§ **What needs to be done**
Transcribe word for word the section of the records below that opens with the line containing "زوريل بلس الأنبوب الاصدار الاقوى" and closes with the line containing "Макроскопически на ранних"; drop every picture.

§ **Given data**

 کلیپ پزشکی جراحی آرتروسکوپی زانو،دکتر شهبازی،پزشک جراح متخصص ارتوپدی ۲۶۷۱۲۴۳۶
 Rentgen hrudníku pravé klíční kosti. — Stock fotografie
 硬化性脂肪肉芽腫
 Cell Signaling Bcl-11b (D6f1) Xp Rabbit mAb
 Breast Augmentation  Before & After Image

--

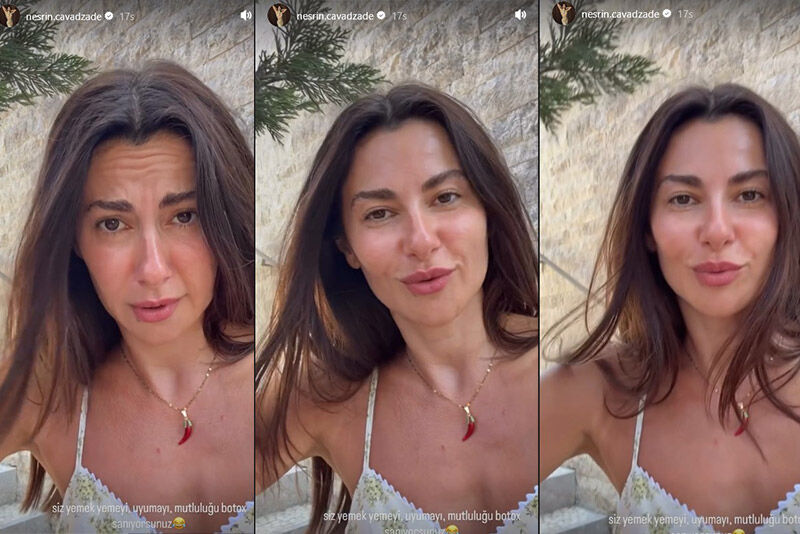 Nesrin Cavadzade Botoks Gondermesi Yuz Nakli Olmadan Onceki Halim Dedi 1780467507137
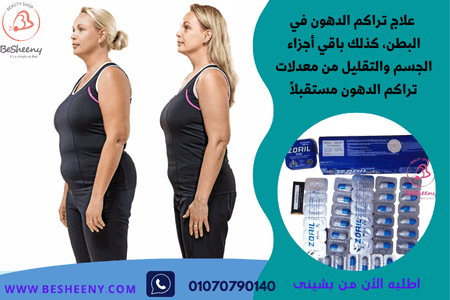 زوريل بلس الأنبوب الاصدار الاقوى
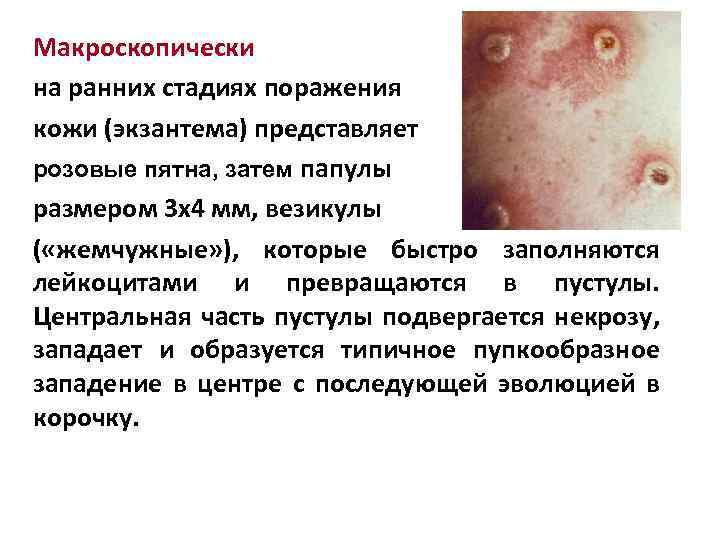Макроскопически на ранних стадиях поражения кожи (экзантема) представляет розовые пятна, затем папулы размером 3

§ **Exercise solution**
 زوريل بلس الأنبوب الاصدار الاقوى
Макроскопически на ранних стадиях поражения кожи (экзантема) представляет розовые пятна, затем папулы размером 3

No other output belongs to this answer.